** SUPPLIED RECORDS **
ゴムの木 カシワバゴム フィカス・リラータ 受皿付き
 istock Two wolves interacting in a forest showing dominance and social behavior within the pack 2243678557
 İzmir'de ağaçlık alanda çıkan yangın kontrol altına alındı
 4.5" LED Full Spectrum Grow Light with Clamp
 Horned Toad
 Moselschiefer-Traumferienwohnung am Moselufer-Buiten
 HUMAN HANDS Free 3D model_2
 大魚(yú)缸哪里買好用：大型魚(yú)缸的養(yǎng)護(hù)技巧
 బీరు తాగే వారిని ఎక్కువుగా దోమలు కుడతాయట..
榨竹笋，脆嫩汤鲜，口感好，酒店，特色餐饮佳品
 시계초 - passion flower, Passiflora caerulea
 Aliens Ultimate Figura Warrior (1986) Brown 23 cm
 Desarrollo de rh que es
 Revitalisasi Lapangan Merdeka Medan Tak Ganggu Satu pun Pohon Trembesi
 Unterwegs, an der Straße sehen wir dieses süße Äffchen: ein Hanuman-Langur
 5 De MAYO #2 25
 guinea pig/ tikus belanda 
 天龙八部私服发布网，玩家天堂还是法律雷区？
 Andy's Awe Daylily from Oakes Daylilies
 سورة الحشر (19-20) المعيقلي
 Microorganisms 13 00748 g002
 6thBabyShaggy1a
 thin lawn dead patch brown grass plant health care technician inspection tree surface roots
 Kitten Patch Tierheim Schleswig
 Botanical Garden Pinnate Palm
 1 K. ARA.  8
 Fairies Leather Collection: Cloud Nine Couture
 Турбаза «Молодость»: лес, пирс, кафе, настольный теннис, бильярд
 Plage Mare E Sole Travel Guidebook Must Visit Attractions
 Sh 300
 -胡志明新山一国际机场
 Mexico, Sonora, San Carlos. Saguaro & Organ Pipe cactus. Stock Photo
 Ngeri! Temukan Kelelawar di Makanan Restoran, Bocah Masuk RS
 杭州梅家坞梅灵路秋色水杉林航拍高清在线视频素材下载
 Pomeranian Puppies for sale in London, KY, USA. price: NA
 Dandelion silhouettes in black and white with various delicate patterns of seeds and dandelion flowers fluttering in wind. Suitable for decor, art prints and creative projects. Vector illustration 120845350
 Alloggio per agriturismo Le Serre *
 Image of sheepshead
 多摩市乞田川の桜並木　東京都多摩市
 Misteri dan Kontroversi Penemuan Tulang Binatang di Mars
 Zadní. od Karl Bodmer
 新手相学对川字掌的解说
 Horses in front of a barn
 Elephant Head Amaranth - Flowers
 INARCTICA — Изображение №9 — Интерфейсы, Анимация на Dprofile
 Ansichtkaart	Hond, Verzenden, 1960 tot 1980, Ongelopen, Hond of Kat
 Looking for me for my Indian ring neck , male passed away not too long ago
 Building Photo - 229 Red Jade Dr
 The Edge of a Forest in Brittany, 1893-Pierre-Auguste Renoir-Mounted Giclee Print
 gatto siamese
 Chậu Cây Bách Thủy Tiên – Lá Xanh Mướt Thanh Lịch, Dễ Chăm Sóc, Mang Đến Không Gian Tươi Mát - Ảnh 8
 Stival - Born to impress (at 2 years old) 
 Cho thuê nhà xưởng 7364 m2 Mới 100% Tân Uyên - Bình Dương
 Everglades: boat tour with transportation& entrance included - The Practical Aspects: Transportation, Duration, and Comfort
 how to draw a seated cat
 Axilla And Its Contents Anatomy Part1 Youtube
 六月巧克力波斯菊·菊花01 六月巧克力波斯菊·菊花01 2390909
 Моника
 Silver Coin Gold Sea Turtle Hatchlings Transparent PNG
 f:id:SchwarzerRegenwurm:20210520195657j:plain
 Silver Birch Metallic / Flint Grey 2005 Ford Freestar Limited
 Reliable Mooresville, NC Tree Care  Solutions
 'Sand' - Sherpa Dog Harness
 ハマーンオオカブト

** WHAT IS BEING ASKED **
Please tally every line of the entries that holds "Silver" and answer with that figure alone.

** WRITTEN ANSWER **
2